Decisão Texto Parcial:


Acordam os Juízes do Tribunal da Relação de Lisboa: 1.

RELATÓRIO: Por apenso à execução que C & F, Lda intentou contra A.P., Lda, veio a executada deduzir oposição invocando, em síntese, a inexistência de título executivo, por não valerem os cheques dados à execução como títulos cambiários e não ter sido invocada pela exequente a relação subjacente; embora tenha existido uma relação comercial entre a exequente e a executada, aquela não forneceu quaisquer bens e serviços no período referido no requerimento executivo (2006) e a executada não se encontra em mora, uma vez que a exequente não emitiu sequer as facturas referentes às quantias que peticiona na execução, como não emitiu ainda os recibos de quitação alusivos aos pagamentos que a executada já efectuou, pese embora as insistências da executada nesse sentido – de 224.807,73€ que a executada pagou a exequente apenas emitiu recibos pela quantia de 119.170,00€, não podendo a executada fazer repercutir na sua contabilidade o IVA que pagou.

A exequente apresentou contestação invocando, em síntese, que os cheques apresentados sempre valeriam como quirógrafos, documentos particulares assinados pelo devedor e que implicam o reconhecimento da dívida pelo que são títulos executivos nos termos da alínea c) do art. 46º do C.P.C., incumbindo então ao executado o ónus de prova da inexistência da relação subjacente invocada no requerimento executivo, causal à emissão dos cheques (arts. 344º nº 1 e 458º, nº1 do C.Civil), a saber, o fornecimento de bens e serviços à executada; a executada reconheceu ter existido uma relação comercial entre as partes e confessou que a exequente fez fornecimentos no valor de 343.977,03€, que apenas pagou a quantia de 224.807,37€ pelo que ainda está em dívida a quantia de 119.169,30€, “dos quais 115.970,00€ estão titulados pelos cheques que servem de base à presente execução”, o que a executada expressamente reconhece. O contrato tem-se por cumprido, por parte da exequente, com o fornecimento á executada dos bens e serviços de panificação por esta encomendados”, “[e] não com a emissão de facturas, que representam apenas o cumprimento de uma obrigação de natureza fiscal”.

Procedeu-se a julgamento após o que foi proferida decisão que concluiu nos seguintes termos: “De acordo com os fundamentos supra referidos e de harmonia com o disposto nos preceitos legais citados, decide-se:

  1. Julgar a presente oposição procedente, por provada.

  2. Determinar a extinção da execução intentada contra a opoente A.P., Lda.

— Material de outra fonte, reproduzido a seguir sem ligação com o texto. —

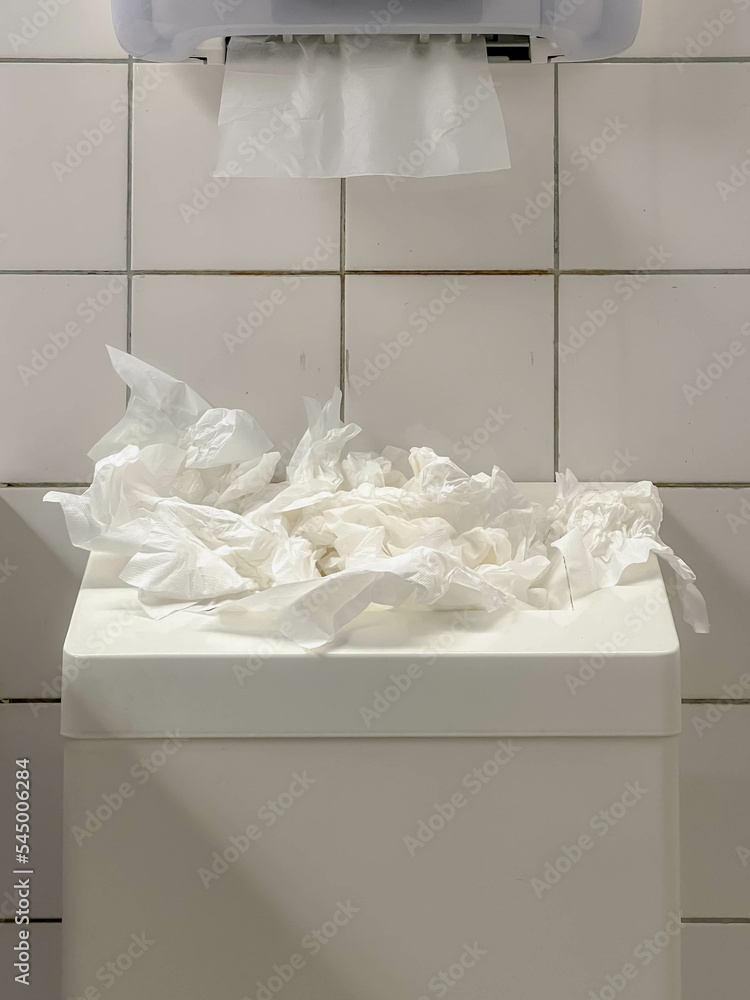 Trash bin with garbage or wastrel, For your hygiene wash your hand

  3. Determinar o cancelamento e o levantamento da penhora sobre o prédio urbano sito na Rua ..., descrito na Conservatória do Registo Predial de Agualva-Cacém, sob o número … e da penhora sobre o prédio urbano sito na Rua ..., descrito na Conservatória do Registo Predial de Agualva-Cacém sob o número ….

  4. Condenar a Exequente C & F, Lda no pagamento das custas do processo.

    * Registe e Notifique”.

    Não se conformando a exequente apelou formulando as seguintes conclusões: “I – A douta sentença recorrida delimitou a questão a decidir nos autos, que é a de saber se “os cheques dados à execução constituem título executivo” II - A douta sentença recorrida determinou a extinção da execução, por considerar que os cheques dados à Execução não constituem títulos executivos uma vez que “Incidindo sobre a exequente o ónus de alegar a relação causal, o que fez identificando-a como fornecimentos ocorridos no período de tempo que invocou de Janeiro de 2006 a Dezembro de 2006, e impendendo sobre a executada o ónus de alegar e demonstrar que a relação causal invocada não se verificou, como fez, conclui-se que os cheques dados à execução como documentos particulares não constituem títulos executivos“; III – Embora não possam valer como títulos de crédito, os cheques dados à execução valem como títulos executivos (meros quirógrafos) por serem documentos particulares assinados pelo devedor - nos termos do disposto no artigo 46º, nº 1 al. c) do Cód. Proc. Civil, na versão aplicável.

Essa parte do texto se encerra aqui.